[DATASET EXTRACT Boundary: Start]
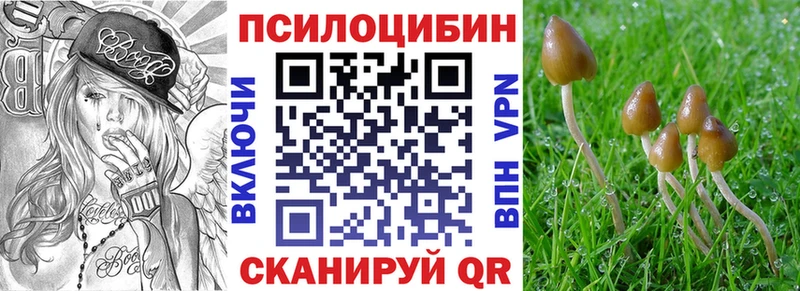 Галлюциногенные грибы Psilocybe  где купить   Нефтекумск 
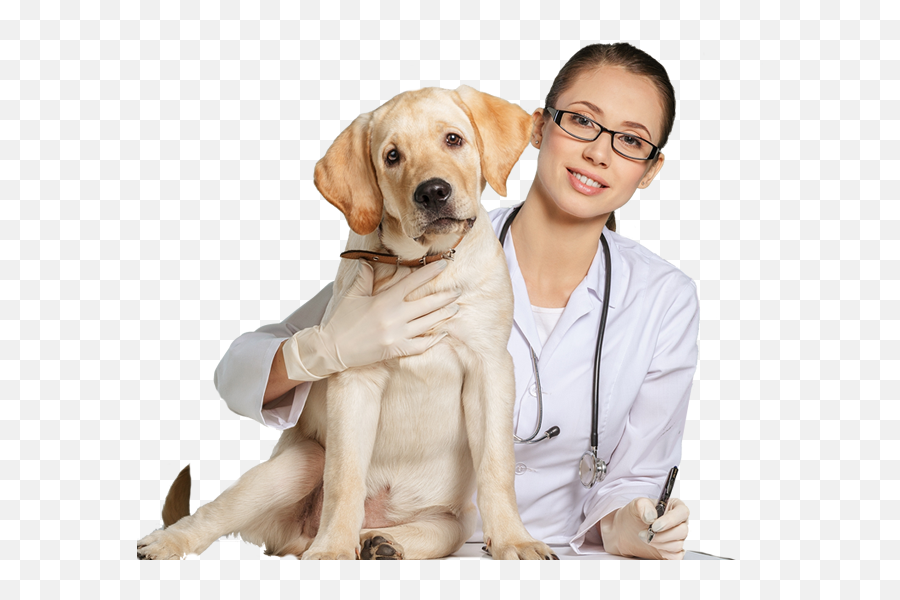 Veterinarian Png 4 Image - Transparent Veterinarian Png,Veterinarian Png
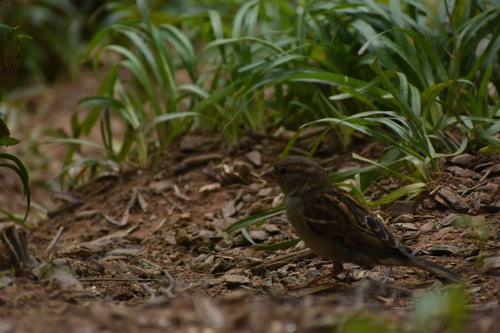 House Sparrow photographed in Georgia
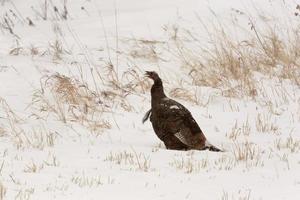 pavo salvaje en invierno foto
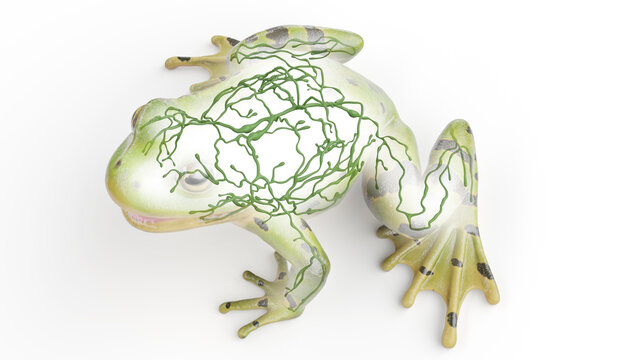3D rendered illustration of a frog's lymphatic system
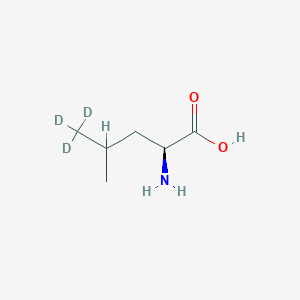 molecular formula C6H13NO2 B136980 L-亮氨酸-5,5,5-d3 CAS No. 87828-86-2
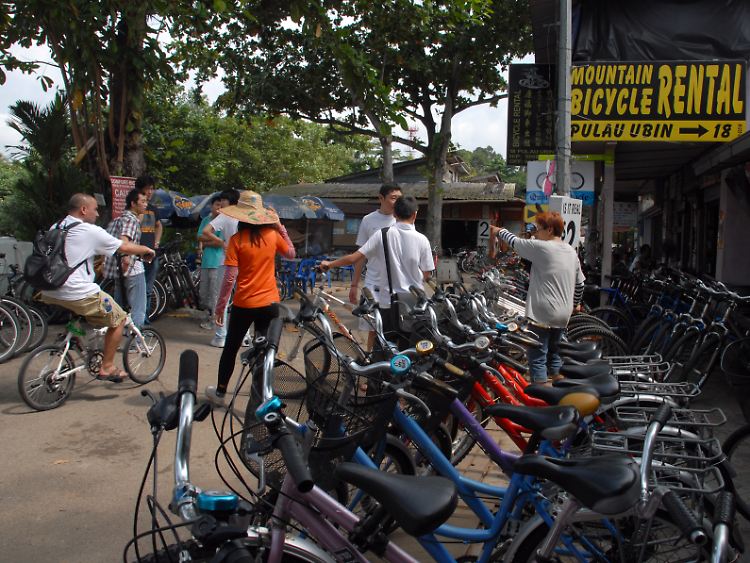 Autofreie Zone: Auf Pulau Ubin sind Fahrräder die wichtigsten Fortbewegungsmittel. Entlang der kleinen Hauptstraße gibt es mehrere Mountainbike-Verleiher.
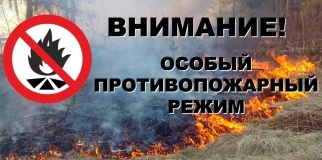 особый противопожарный режим введен в Новодугинском районе и г. Десногорск - фото - 1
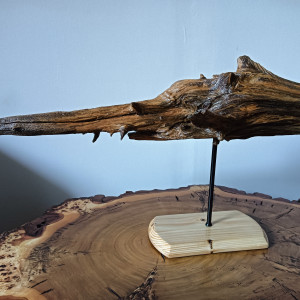 Rzeźba natury "Ryba"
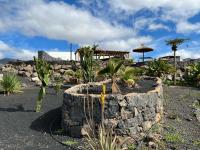 Finca Isolina Hotel Boutique - Adults Recommended外面的花园
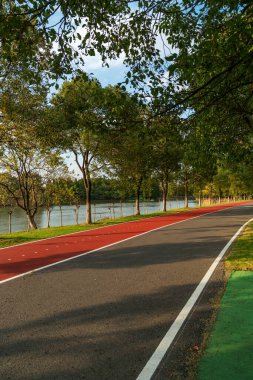 Yeni patika ve güzel ağaçlar parkta koşmak, yürümek ve bisiklete binmek için iz sürüyor. 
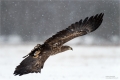 Seeadler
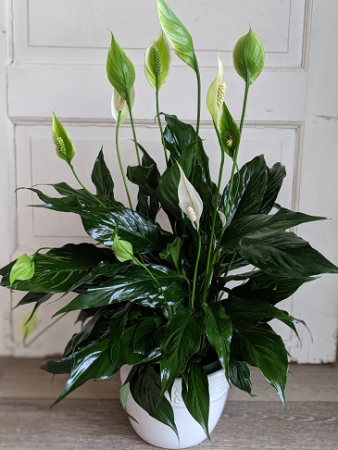 Peace and Comfort Plant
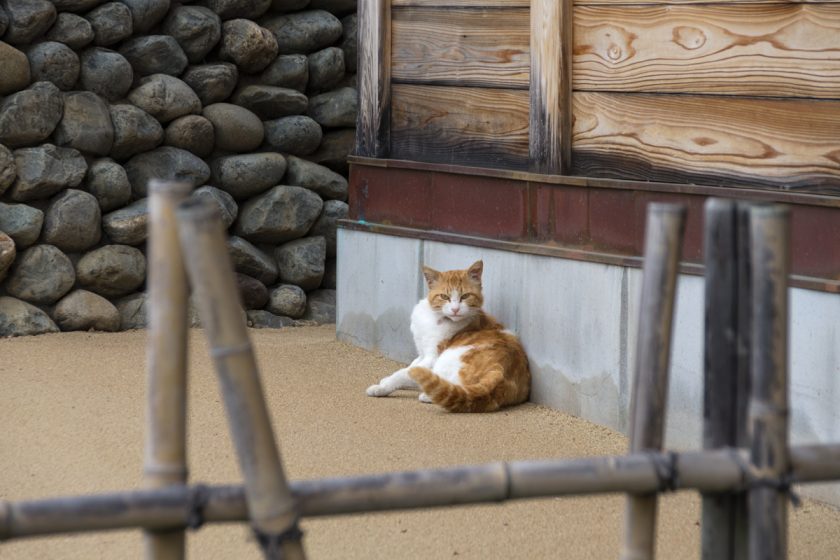 府中市の猫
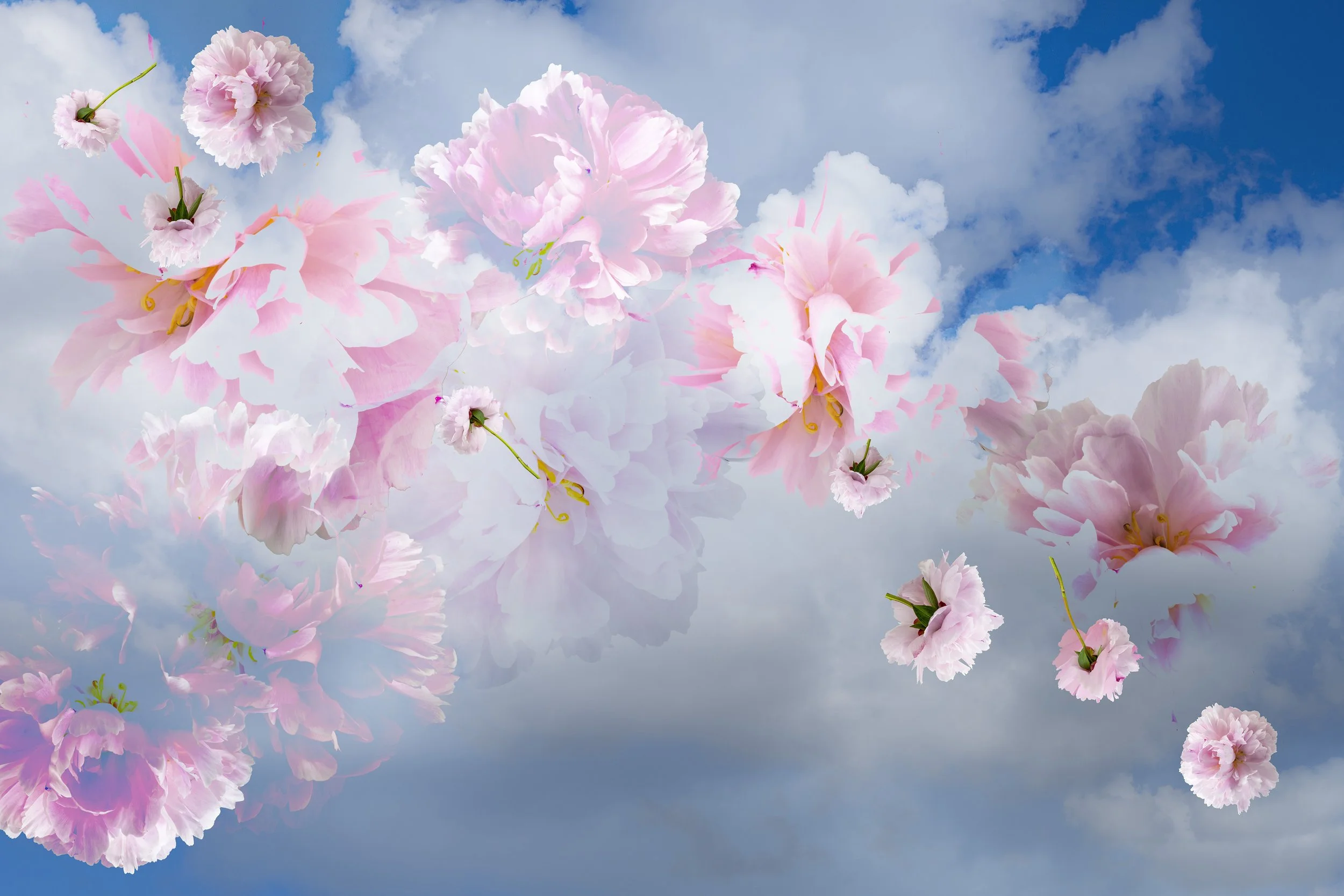 Complex photographic composite image created out of multiple different flowers layered onto a background 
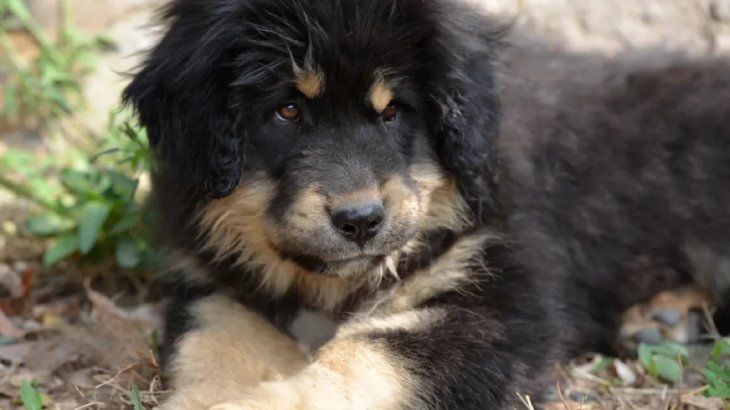 dogo del tibet 2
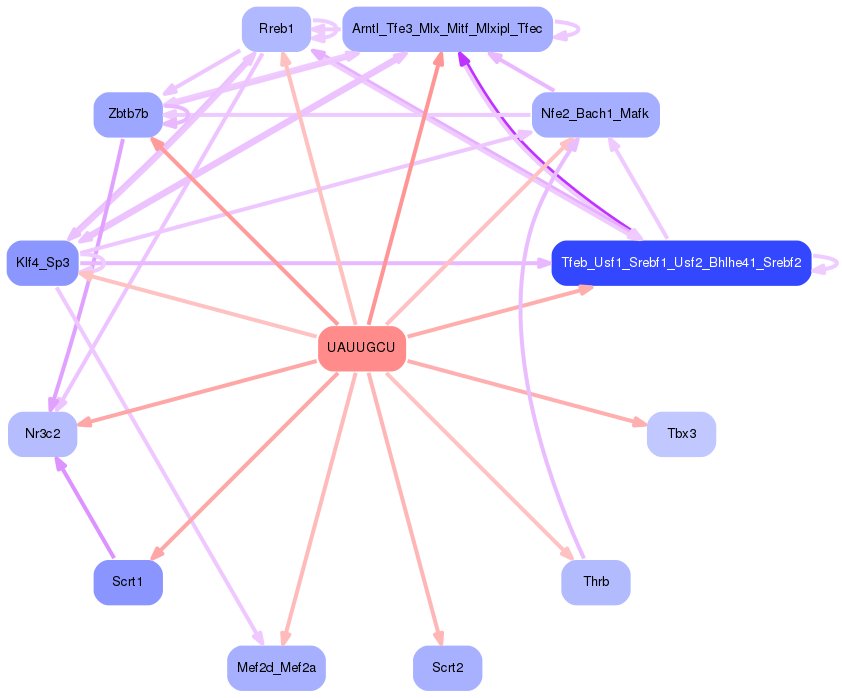 PNG image of the network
[DATASET EXTRACT Boundary: End]
**TASK PROMPT**
Copy the data character for character, but drop all pictures from the copy.

**RESULT**
 Галлюциногенные грибы Psilocybe  где купить   Нефтекумск 
 Veterinarian Png 4 Image - Transparent Veterinarian Png,Veterinarian Png
 House Sparrow photographed in Georgia
 pavo salvaje en invierno foto
3D rendered illustration of a frog's lymphatic system
 molecular formula C6H13NO2 B136980 L-亮氨酸-5,5,5-d3 CAS No. 87828-86-2
 Autofreie Zone: Auf Pulau Ubin sind Fahrräder die wichtigsten Fortbewegungsmittel. Entlang der kleinen Hauptstraße gibt es mehrere Mountainbike-Verleiher.
 особый противопожарный режим введен в Новодугинском районе и г. Десногорск - фото - 1
 Rzeźba natury "Ryba"
 Finca Isolina Hotel Boutique - Adults Recommended外面的花园
 Yeni patika ve güzel ağaçlar parkta koşmak, yürümek ve bisiklete binmek için iz sürüyor. 
 Seeadler
 Peace and Comfort Plant
 府中市の猫
 Complex photographic composite image created out of multiple different flowers layered onto a background 
 dogo del tibet 2
 PNG image of the network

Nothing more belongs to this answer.